The Lower Mississippi River Water Trail
If you stay Main Channel around Hickman you will have an easy downstream run, unless there are towboats, or its stormy, or windy. In strong east or west winds you would do well staying out of the Main Channel in this area, and get behind Hickman. In strong South or North winds the main channel is notoriously choppy. Back Channel won’t help much, but you won’t have to worry about traffic. If you go behind all of the Hickman islands possible you will cross six, maybe seven dikes. Regardless of your route, you will see, hear or paddle near or over rocky dikes. There are nineteen of them river left between Shelby Forest and Mud Island, most found in this 10 miles straight stretch along and past Hickman to the mouth of the Loosahatchie River Note: If you go river right as described further below, there are twenty six dikes! Of course you can stay main channel all the way and avoid all dikes — but then you miss all of the scenery and wildlife, and you will have to contend with any towboat traffic.

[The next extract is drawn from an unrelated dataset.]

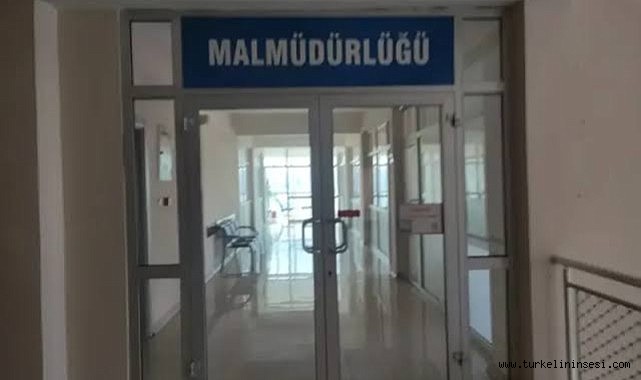 HEKİMHAN MAL MÜDÜRLÜĞÜ KAPANIYOR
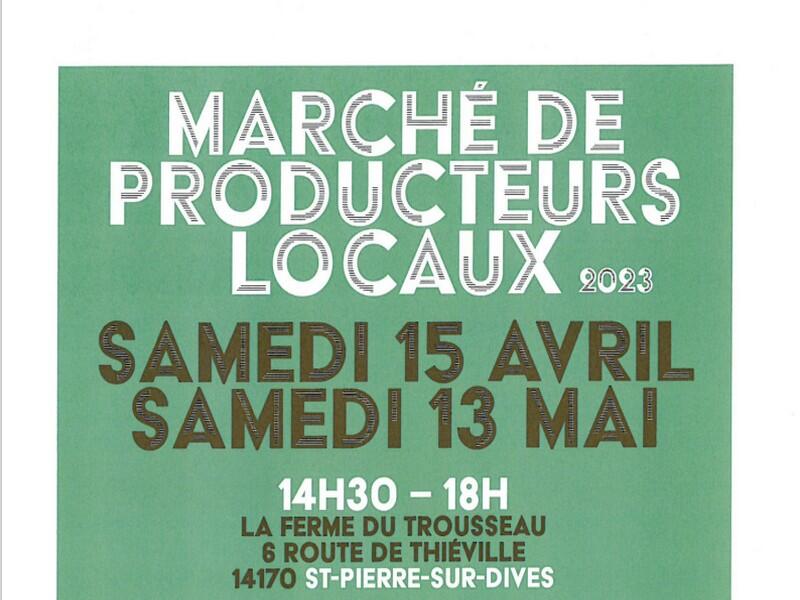 marché de producteurs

Hickman is a popular destination for Memphis boaters of all kinds, motorized and non-motorized. If you picnic or camp anywhere along its length don’t be surprised if you have company. On the other hand it wouldn’t be out of the ordinary if you didn’t see anybody at all. Weekends, sunny warm weekends, are highlight of course. Memphis is the biggest river city south of St. Louis, with the largest population of people, and probably the greatest concentration of paddlers. And yet is only slowly discovering its river. Canoeing and kayaking is a growing sport. There are very few paddle boarders, however, even though paddle-boarding would be appropriate to anywhere on the river, and in many ways is safer than a canoe or kayak. See safety section for more discussion [Paddle-Boarding vs. Canoeing vs. Kayaking].

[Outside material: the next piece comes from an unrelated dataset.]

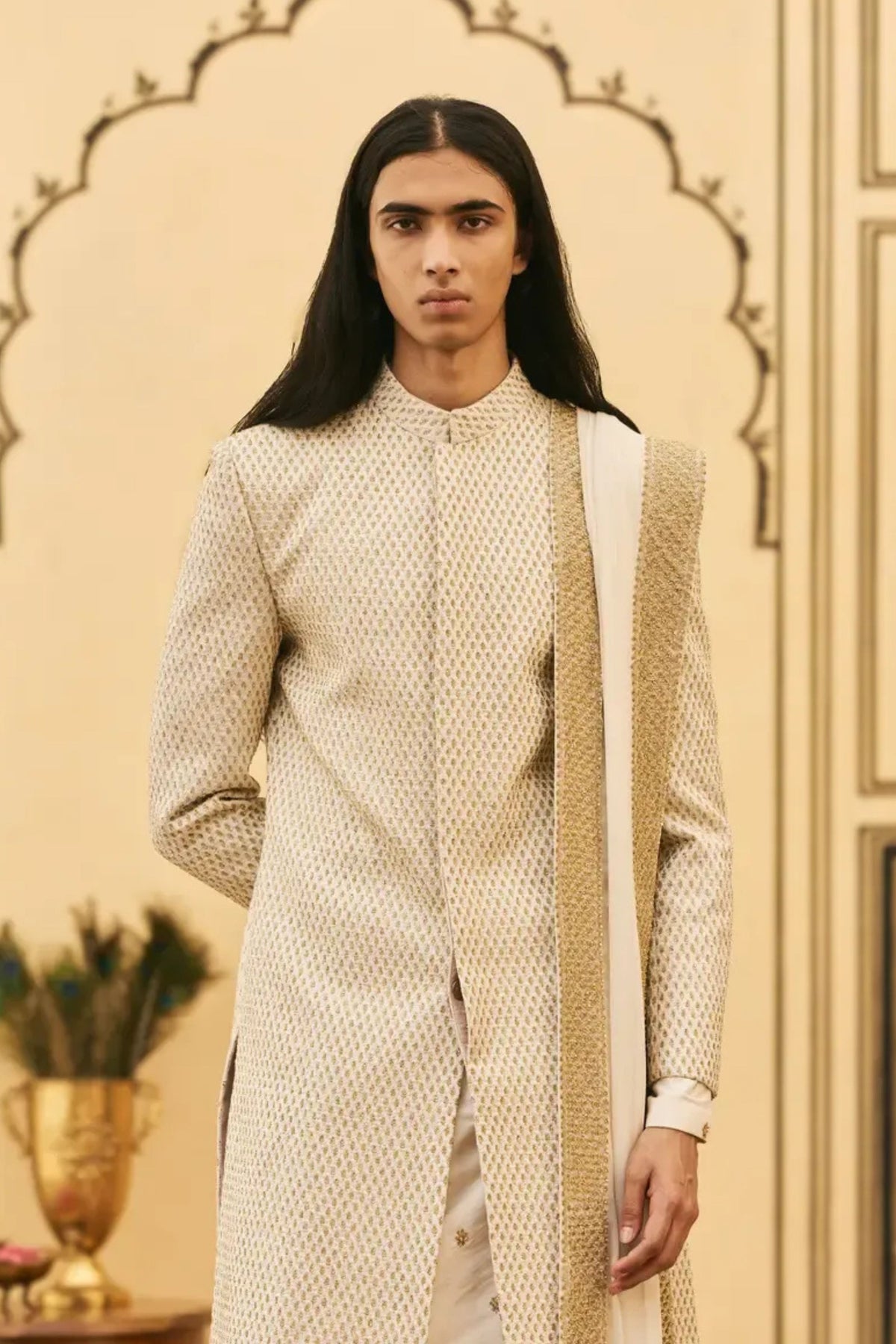 Haimavati Sherwani Set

Tennessee Parks and Greenways Foundation purchased a significant portion of Hickman Bar below Meeman Shelby Forest State Park with funds provided primarily through a federal North American Wetlands Conservation Act grant. How much does a Mississippi River island cost? The group paid nearly $450,000 for 296 acres encompassing the southern portion of Hickman Bar and bottomlands and bluff acreage on the mainland. The property is managed by the Tennessee Wildlife Resources Agency.
Picnicking & Camping on Hickman
As you’re paddling downstream from Shelby Forest the first possible camp or picnic sandbars appear at the top end of Hickman, near mile 746.5, at medium water look for small bluffy bars perched here and there along the front side and back sides of the islands, these bars disappear as the water rises, and are gone during high water, except in a few select locations, notably midway down Upper Hickman LBD 746 and topsides Middle Hickman LBD 745. Choose your place as you paddle and float along. If you’re camping you might as well stop at the first suitable sandbar. The next one you reach may be inhabited. The closer you get to Memphis, the more likely someone else will be there. And they may be less happy to see you than you are them.